В июле 2015 года суд вынес по делу Гренинга еще более суровый приговор, нежели тот, которого требовало обвинение: четыре года лишения свободы вместо трех с половиной. Судья Франц Компиш пришел к выводу, что, записываясь в ряды СС и поступая в Освенцим на «безопасную конторскую работу», обвиняемый действовал добровольно и потому является соучастником массового убийства. «Ваша эпоха, вероятно, оказала на вас влияние, – заявил Компиш Гренингу, – и все же вы были свободным человеком».[774]
По мнению Курта Шримма, смысл поздних антинацистских процессов заключается не только в том, чтобы наказать бывших лагерных охранников, сколько в том, чтобы продемонстрировать: германское правосудие по-прежнему стремится хотя бы отчасти восстановить справедливость. «На мой взгляд, учитывая то, какое чудовищное преступление совершил нацизм, мы не имеем права говорить: “Прошло слишком много времени. Давайте все забудем”. Это было бы неуважением по отношению к погибшим и выжившим»,[775] – сказал Шримм.
Огласив судьбоносное для других бывших нацистов решение по делу Демьянюка, германский суд фактически принял точку зрения, которую отрицал несколько десятилетий назад, когда начался спор о том, что является достаточным основанием для обвинения тех, кто служил рейху. Уильям Денсон, главный обвинитель от армии США на процессе против персонала Дахау, который начался в конце 1945 года, придерживался теории «общего умысла». Он не считал необходимым доказывать индивидуальную вину каждого сотрудника концлагеря: по его мнению, достаточно было того, что «все обвиняемые служили винтиками в механизме уничтожения людей».[776] Подобной точки зрения придерживался и Фриц Бауэр, германский прокурор, стремившийся призвать соотечественников к ответу за содеянное в годы господства национал-социализма. Во время Освенцимского процесса во Франкфурте-на-Майне он утверждал: «Любой, кто так или иначе обслуживал машину убийства, является преступником – разумеется, при условии, что он знал о назначении этой машины».[777]

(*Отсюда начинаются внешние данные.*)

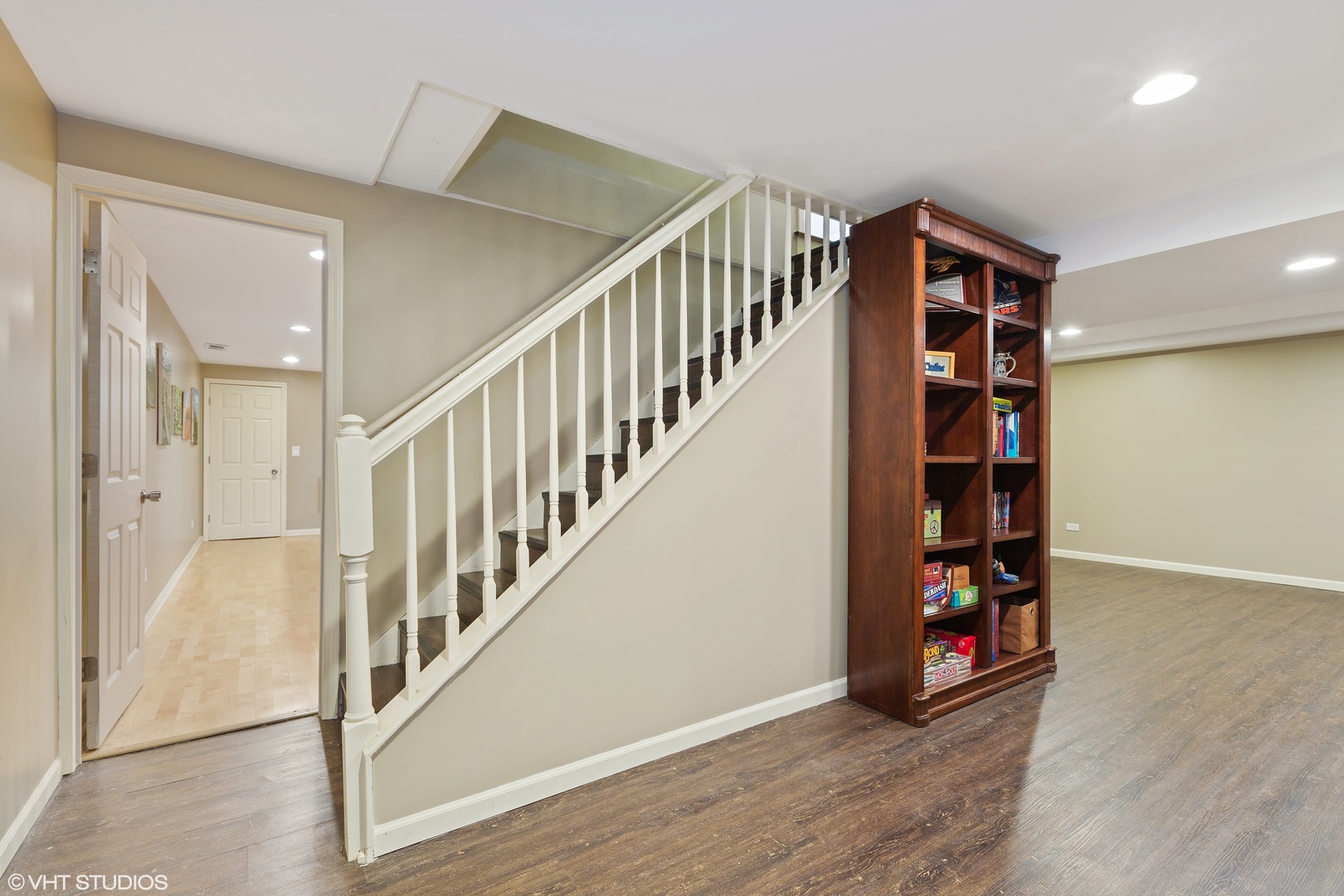 20 Marryat Road Trout Valley, IL 60013 - Photo 14 of 33 a view of an entryway with wooden floor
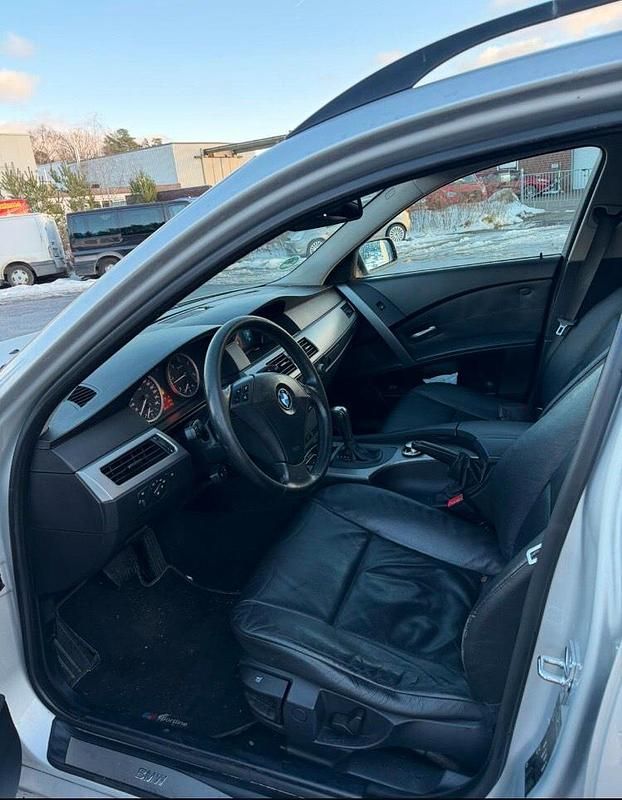 Gebraucht BMW 525 2004 Grau Kombi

Если бы суды Германии стали руководствоваться указанным принципом начиная с пятидесятых или шестидесятых годов, на скамье подсудимых, а затем и в тюрьмах оказались бы тысячи людей. Как отметил Петр Сивински, директор Государственного музея концлагеря Освенцим, «такое часто бывает: время расплаты за преступление приходит тогда, когда расплачиваться уже почти некому».[778] Ту позицию, которой власти Германии придерживались ранее, Сивински назвал несправедливой: «Если мафиозная группа расстреливает людей, неважно, кто из ее членов спускал курок, а кто стоял за углом и смотрел, не идет ли полицейский. Виноваты все. Ужасно, что до недавнего времени германское правосудие этого не понимало».

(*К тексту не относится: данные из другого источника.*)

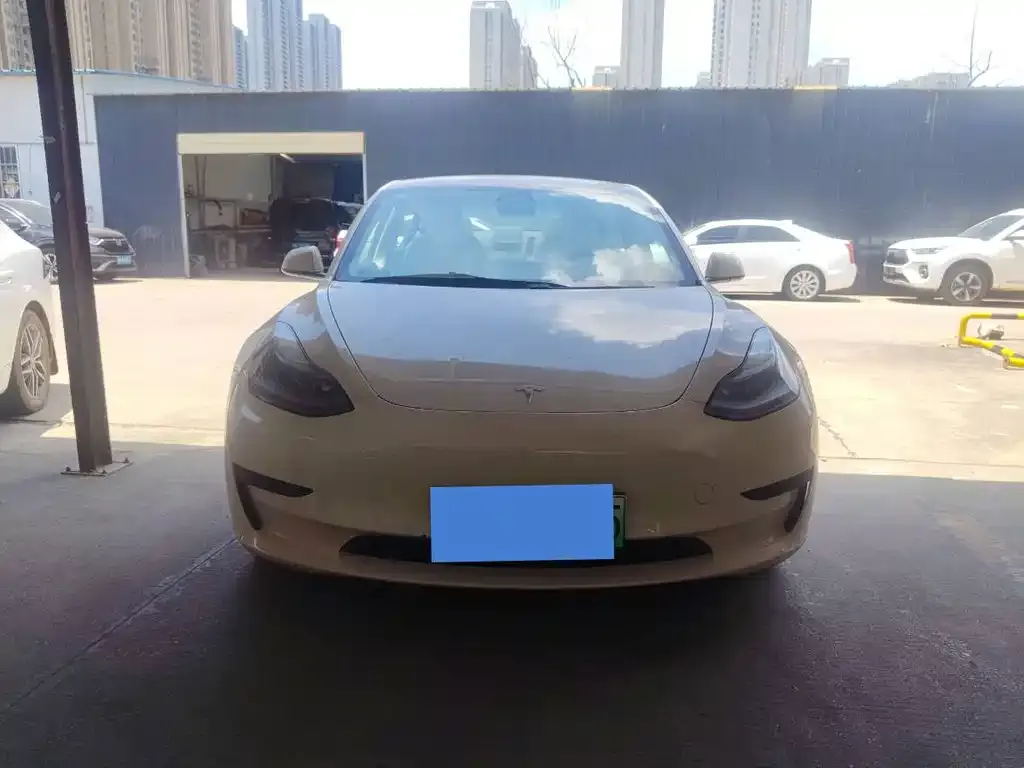 Tesla Model 3 — фото 3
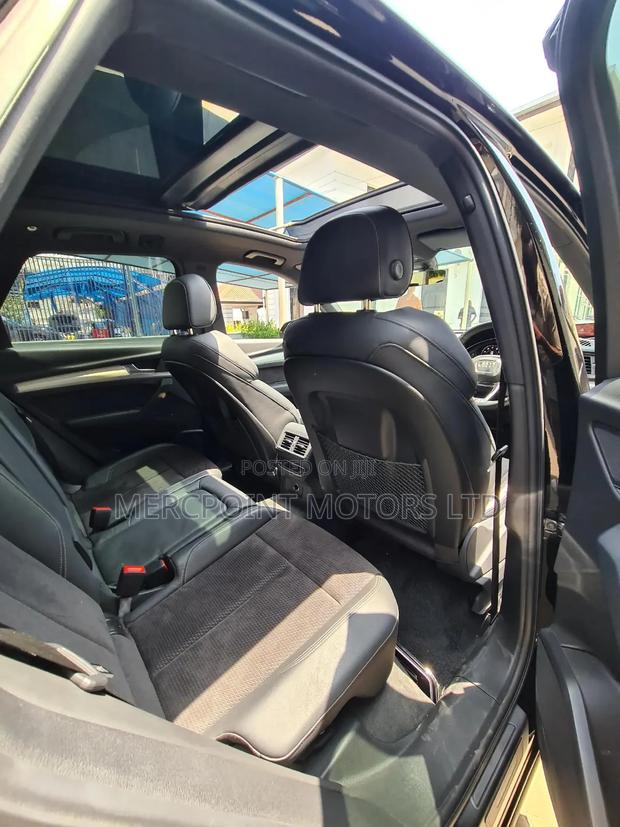 Audi Q5 2.0T Premium AWD quattro 2019 Matt Black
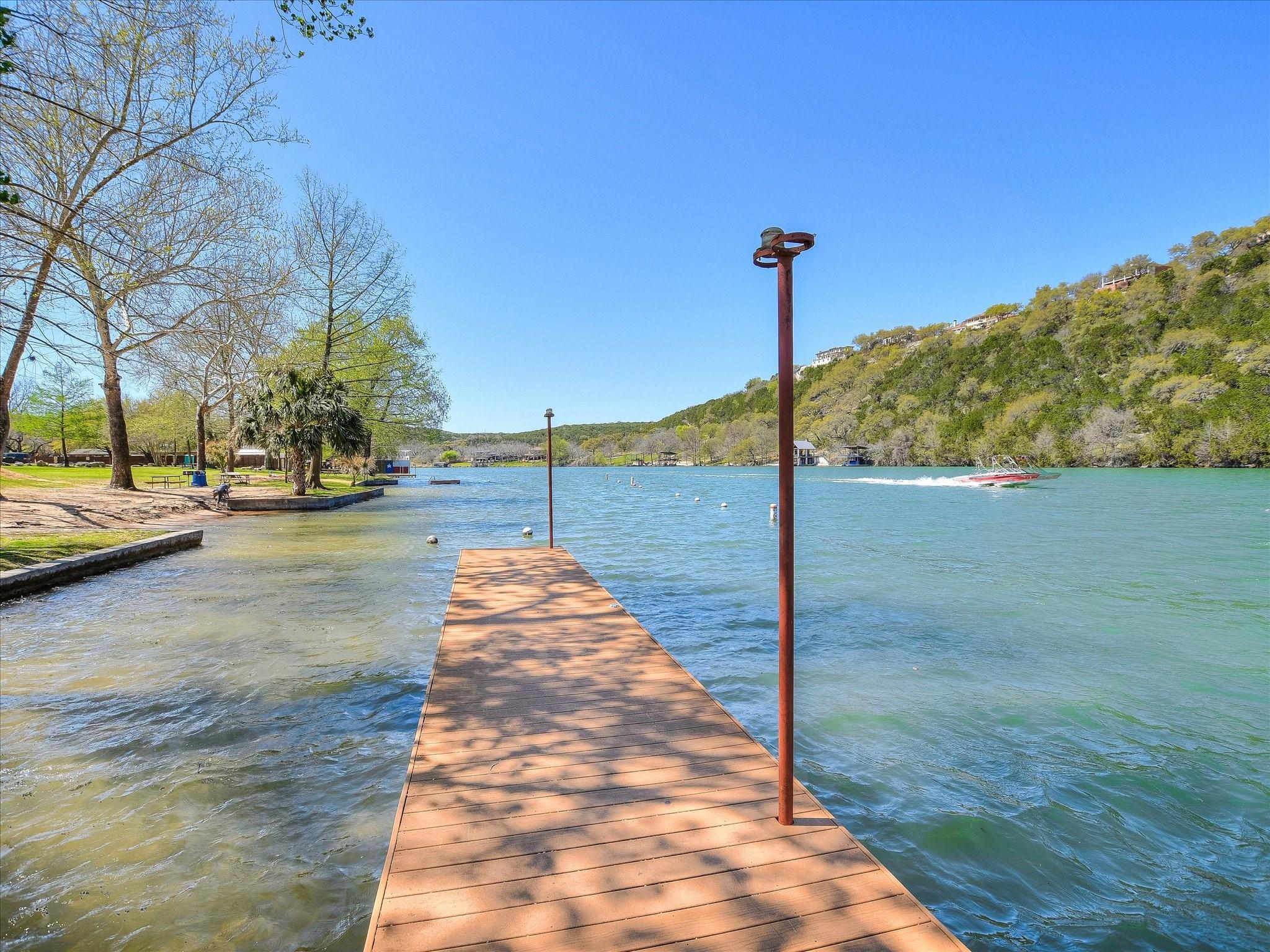 Austin, Texas 78733, United States, 5 Bedrooms Bedrooms, ,3 BathroomsBathrooms,Residential,Pending,51075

Немецкий журнал «Шпигель» расставил акценты несколько иначе. В статье, опубликованной 25 августа 2014 года под заголовком «Освенцимские процессы: Почему последние лагерные надсмотрщики не будут наказаны», Клаус Вигрефе подчеркивает: прежняя позиция германских судов объяснялась не только жесткими юридическими ограничениями. «Большинство преступников Освенцима не понесли наказания не потому, что некоторые политики и судьи этому препятствовали, а потому, что слишком мало оказывалось тех, кто был в этом заинтересован. В послевоенные годы многие немцы равнодушно относились к освенцимским убийствам»,[779] – говорится в статье.
Как бы то ни было, Сивински и многие другие представители международной общественности одобрили решение по делу Демьянюка, а также намерение Шримма в дальнейшем действовать на основании этого прецедента. «Мы обязаны принимать во внимание не только юридические, но и моральные соображения, – сказал Сивински. – Некоторые люди считают, что судить тех, кому перевалило за девяносто, безнравственно. Но не судить их было бы еще большей нравственной ошибкой. Это означало бы торжество несправедливости».